Beaucoup d’économistes se sont d’ailleurs penchés sur la question. Mais pourquoi chercher loin quand on a déjà des spécialistes au Liban. À la tête desquels se démarque Josiane Fahed Sreih. Cette professeure et chercheuse à la LAU, est fondatrice et directrice de l’Institute of Family and Entrepreneurial Business (et elle-même théoriquement liée à une entreprise familiale florissante, Fahed Supermarket).
Sa contribution, avec ses collègues, ratisse large sur toute la panoplie de la sphère familiale en business. On en est arrivé à identifier les avantages: flexibilité et promptitude dans la prise de décision; engagement émotionnel et financier en cas de pépin; culture de l’effort et de la probité; fidélisation d’une garde rapprochée de personnel…
Mais aussi les risques du système familial: le patriarche qui ne veut rien céder à 82 ans; le fils qui a trouvé sa voie dans la musique classique; l’autre qui se sent frustré, déjà à 50 ans, qu’on ne lui fasse pas confiance; les belles-sœurs qui se crêpent les chignons à chaque réunion du family business office; l’amalgame entre les dimensions familiales et professionnelles; les affres de l’héritage, etc. Résultat: 86% des entreprises familiales ne survivent pas à la troisième génération. L’espérance de vie moyenne de nos entreprises est de 40 ans.
Tout cela n’est pas nouveau. On en voit les conséquences avec les disparitions abruptes d’entreprises florissantes, ou alors les scissions et fragmentations successives: des multitudes de Mouzannar, de Maktabi, ou de Hallab, qui gardent peut-être la même qualité professionnelle, mais en plus petit. Elles perdent en taille et, avec la taille, les perspectives d’internationalisation.

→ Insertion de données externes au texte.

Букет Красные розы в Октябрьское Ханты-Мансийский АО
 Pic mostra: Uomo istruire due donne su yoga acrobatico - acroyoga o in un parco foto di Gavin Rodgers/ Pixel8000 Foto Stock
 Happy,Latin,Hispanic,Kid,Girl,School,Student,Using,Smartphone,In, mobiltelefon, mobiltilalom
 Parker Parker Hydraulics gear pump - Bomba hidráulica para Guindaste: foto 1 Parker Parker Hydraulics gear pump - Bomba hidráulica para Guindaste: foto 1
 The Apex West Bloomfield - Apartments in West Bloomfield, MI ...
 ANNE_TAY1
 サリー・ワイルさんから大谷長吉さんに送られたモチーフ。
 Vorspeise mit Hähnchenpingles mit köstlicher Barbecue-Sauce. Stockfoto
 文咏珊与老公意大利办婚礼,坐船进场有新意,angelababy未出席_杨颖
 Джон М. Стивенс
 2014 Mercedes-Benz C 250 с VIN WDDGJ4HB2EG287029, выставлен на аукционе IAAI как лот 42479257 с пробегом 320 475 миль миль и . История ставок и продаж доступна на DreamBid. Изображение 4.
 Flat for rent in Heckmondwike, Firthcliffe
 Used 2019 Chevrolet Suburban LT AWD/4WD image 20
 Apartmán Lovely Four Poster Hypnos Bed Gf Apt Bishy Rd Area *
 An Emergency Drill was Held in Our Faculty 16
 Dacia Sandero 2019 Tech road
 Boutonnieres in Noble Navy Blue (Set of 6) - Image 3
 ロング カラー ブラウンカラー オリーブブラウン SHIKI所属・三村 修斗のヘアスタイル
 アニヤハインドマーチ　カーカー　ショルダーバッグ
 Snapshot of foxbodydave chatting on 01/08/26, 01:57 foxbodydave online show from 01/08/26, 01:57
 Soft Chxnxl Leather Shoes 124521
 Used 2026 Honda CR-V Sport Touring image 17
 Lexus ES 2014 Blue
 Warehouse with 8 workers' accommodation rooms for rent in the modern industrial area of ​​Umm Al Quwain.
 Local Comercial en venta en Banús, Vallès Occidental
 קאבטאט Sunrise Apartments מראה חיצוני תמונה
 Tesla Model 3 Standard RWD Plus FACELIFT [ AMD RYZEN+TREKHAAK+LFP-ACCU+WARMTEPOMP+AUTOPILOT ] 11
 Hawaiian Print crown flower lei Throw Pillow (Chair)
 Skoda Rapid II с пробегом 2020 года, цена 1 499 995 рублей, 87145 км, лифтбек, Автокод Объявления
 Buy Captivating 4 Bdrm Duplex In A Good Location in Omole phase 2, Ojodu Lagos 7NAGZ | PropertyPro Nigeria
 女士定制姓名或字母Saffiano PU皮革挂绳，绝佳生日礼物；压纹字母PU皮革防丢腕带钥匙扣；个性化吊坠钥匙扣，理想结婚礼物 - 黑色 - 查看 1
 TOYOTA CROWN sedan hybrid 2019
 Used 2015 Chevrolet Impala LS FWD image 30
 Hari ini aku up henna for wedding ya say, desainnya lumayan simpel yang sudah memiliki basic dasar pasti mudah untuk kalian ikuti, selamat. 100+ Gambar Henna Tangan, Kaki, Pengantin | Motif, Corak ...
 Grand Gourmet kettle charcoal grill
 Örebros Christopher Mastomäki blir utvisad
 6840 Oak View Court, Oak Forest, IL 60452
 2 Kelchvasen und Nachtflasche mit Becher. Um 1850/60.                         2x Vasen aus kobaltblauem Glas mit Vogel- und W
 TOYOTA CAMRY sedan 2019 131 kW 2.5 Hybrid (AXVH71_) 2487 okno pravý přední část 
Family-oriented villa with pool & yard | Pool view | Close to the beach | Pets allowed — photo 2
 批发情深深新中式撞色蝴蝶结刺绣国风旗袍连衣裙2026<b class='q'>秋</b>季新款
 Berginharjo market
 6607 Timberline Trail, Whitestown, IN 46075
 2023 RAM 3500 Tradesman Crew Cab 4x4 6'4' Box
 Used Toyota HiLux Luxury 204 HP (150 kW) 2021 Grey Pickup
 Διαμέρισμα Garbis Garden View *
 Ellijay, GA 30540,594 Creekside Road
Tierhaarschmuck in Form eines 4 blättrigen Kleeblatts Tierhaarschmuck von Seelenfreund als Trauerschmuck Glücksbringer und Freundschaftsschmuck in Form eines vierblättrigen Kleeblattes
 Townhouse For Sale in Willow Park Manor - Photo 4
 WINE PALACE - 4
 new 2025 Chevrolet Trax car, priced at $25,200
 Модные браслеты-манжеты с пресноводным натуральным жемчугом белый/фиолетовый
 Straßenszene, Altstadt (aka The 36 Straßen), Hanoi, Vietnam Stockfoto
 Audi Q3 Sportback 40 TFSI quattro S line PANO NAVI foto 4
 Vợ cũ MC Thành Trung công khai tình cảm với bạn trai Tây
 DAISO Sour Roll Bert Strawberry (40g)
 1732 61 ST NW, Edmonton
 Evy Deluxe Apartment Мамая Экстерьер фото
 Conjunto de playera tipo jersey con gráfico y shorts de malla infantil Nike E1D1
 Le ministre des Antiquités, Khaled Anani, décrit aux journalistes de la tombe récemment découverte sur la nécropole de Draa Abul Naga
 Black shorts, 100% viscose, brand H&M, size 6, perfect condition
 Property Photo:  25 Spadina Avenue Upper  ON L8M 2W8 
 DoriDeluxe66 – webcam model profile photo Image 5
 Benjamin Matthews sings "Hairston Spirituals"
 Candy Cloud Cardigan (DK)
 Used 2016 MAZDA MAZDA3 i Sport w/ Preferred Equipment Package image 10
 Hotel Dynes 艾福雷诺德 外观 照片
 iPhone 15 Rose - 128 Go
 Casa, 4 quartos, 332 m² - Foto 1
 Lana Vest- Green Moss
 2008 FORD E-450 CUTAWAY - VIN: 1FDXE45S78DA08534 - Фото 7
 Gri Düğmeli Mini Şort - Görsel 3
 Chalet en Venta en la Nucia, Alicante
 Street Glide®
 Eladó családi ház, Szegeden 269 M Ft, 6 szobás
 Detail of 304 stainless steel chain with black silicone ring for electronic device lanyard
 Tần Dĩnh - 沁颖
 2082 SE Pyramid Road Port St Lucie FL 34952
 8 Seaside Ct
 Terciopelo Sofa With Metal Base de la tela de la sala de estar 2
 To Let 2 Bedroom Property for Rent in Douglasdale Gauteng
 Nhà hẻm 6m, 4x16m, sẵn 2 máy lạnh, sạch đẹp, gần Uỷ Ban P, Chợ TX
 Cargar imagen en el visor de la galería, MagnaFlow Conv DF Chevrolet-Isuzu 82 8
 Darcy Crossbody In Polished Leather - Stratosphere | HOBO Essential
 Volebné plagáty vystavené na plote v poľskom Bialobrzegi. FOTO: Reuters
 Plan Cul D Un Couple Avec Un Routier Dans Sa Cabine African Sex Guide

Or c’est la meilleure façon d’amplifier l’entreprise, de créer de la valeur et de diversifier le risque. Surtout quand on est dans un pays minuscule qui, en plus, a la sale manie de se mettre en crise d’adolescence tous les quelques temps, pour défendre les droits des Zoulous, ou glorifier un roitelet perse, ou dévaliser les caisses d’un État qui n’en est pas un.
On finit par admirer des pays de petite taille, dont sont issues des multinationales géantes, comme Nestlé (Suisse, 8 millions d’habitants), Nokia (Finlande, 5 millions) ou encore… le fabricant d’équipements Hilti (Liechtenstein, 39.000 habitants) avec une présence dans 120 pays et un effectif de 30.000 employés dans le monde.
On arrive maintenant à la phase critique de cette histoire. On sait que depuis 2019 l’émigration s’est amplifiée – surtout emportant dans son sillage la jeune génération. Et c’est le phénomène des entreprises familiales qui accuse le coup. Pour une réunion du family office, on se contente désormais d’un Zoom qui doit se caler entre quatre fuseaux horaires. Puis l’intérêt des héritiers qui s’amincit de plus en plus, emportés par leurs nouvelles orientations dans les pays d’adoption.
Et c’est ainsi qu’on voit des entreprises presque centenaires qui disparaissent faute de combattants. Une perte sèche de savoir-faire ancestrale, pour un pays qui n’a, comme ressources naturelles, que la somme des savoir-faire de ses fils et filles.
Pourtant trois issues sont possibles, si on prend la peine de les considérer:
1- Désigner un CEO (l’équivalent à la mode de «directeur général») spécialisé, en dehors de la famille, en vue de développer l’entreprise pour le compte des actionnaires.
2- Ouvrir le capital et introduire un partenaire en cédant une part de la société. Une façon d’élargir son champ d’action. Ou au moins inviter des spécialistes à siéger dans le conseil d’administration.
3- Pour une entreprise d’une certaine taille, introduire une partie des actions en bourse. Même si notre bourse est loin d’être conçue dans les règles de l’art. Il en manque notamment un tribunal spécial et un système de sanctions. Autant de mesures prévues par la loi, mais jamais réalisées. Ce qui colle bien à notre mal-gouvernance légendaire.
Mais, tout ceci suppose que les fondateurs, ou leurs héritiers, renoncent à cet ego qui fait fureur sur la scène locale des affaires. Mais aussi, que ces affairés sans affaires en haut lieu cessent de brasser du vent tout en rendant la vie encore plus difficile aux entrepreneurs.